THE IMPOSSIBLE GARDEN (2022)
“We are on the extreme promontory of the centuries! What is the use of looking behind at the moment when we must open the mysterious shutters of the impossible? Time and Space died yesterday.”
– The Futurist Manifesto, Filippo Tommaso Marinetti (1909)
In their desire to throw off the restrictions of the past and artistic and creative conventions, the Italian Futurists of the early 20th century opened the way for radical new forms of artistic expression, influences of which can be seen in exhibition IN-MOTION: Art of the Space Age that opened in Stellenbosch in 2021.
Even the extreme events of the decades that followed could not blunt the optimism of a movement, based on a belief in the wonders of science and science and technology’s potential to benefit humanity. How do we understand the beauty of this belief in progress— and the real benefits it has brought—with the price it exacts?
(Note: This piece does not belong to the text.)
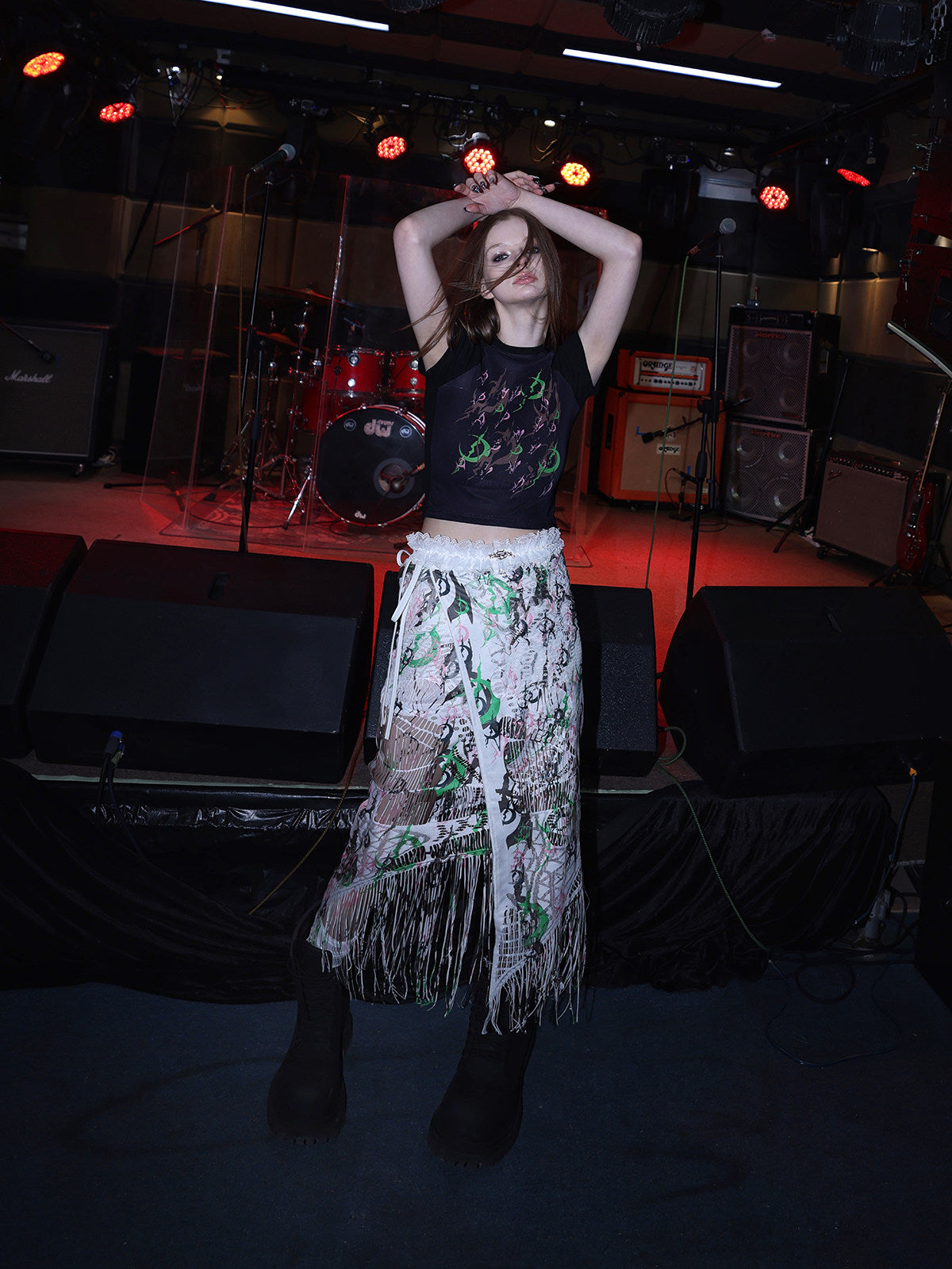 PINKSPINK SHRED SIGNAL printed fringe layering apron — white multicolor — wider front modeled view with arms raised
Technology delivered new materials and media for artists too, spinoffs from the vast industrial-energy complex, but the planet paid the price in environmental degradation and global warming. It felt appropriate to respond to this call in a medium that encapsulates this terrible bargain – plastic.
The brilliant artificiality of Giacomo Balla’s The Futurist Garden is the inspiration for these works, an “impossible garden”, made not of polychrome wood, but plastic in its various consumer incarnations.
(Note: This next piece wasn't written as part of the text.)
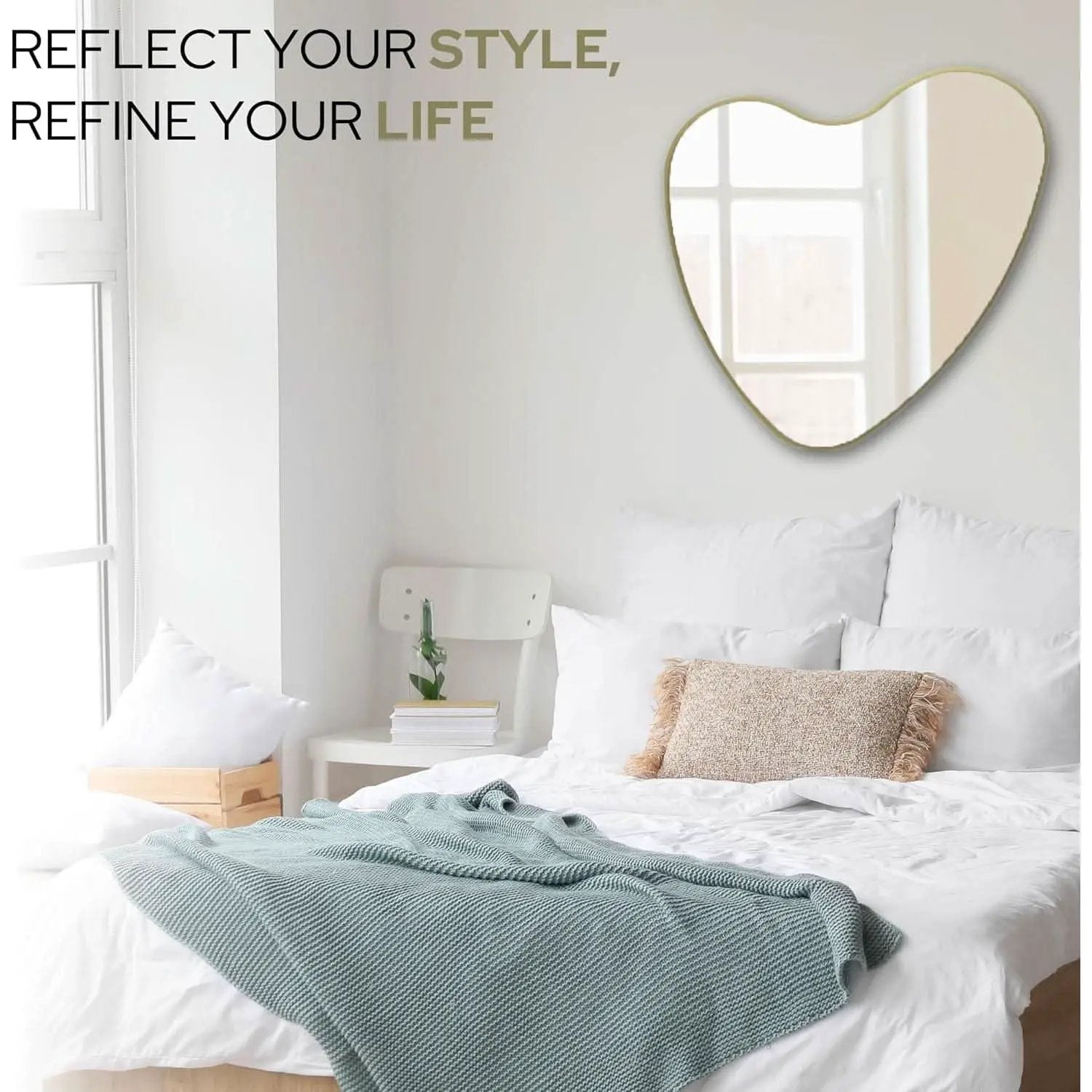 26 Inch Irregular Heart Wall Mirror For Home Decor from PriceLows™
These 19 “plants” function as individual sculptures, but are most powerfully experienced as a collection, a modular installation that forms an impossible garden. Here too are artificial plants in a futurist garden. However, developing from ideas raised by Balla’s garden—with its still somewhat naturalistic stylings—the plants in this impossible garden resemble perhaps lifeforms that might be found on alien worlds. Yet, the individual plastic components are immediately recognisable, the tops and packaging of the products we consume daily.
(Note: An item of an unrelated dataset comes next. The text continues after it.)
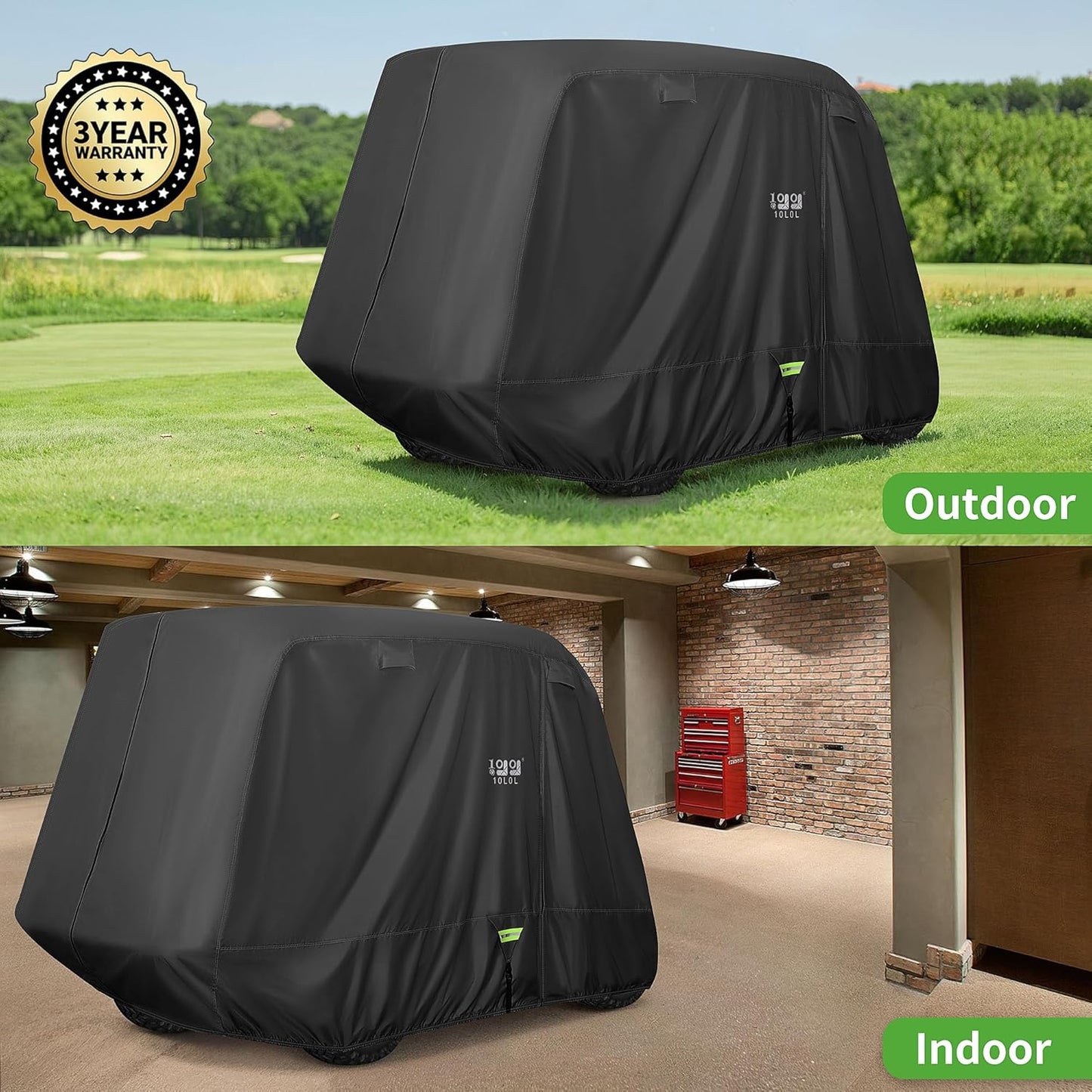 10L0L Heavy Duty Golf Cart Cover for 2/4 Passengers EZGO, Club Car and Yamaha, All Weather Outdoor Protection Weatherproof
Impossibly bright and fade-resistant colours are seductive in a rather sterile way; without scent or subtlety of texture. And yet they remain objects both of beauty and of redemption, repurposing the plastic that would otherwise pollute the landscape and thereby retaining some of the original optimism and hope of the “space age” envisioned in the early 20th century, whilst acknowledging the impossible price we pay in the choices we make daily.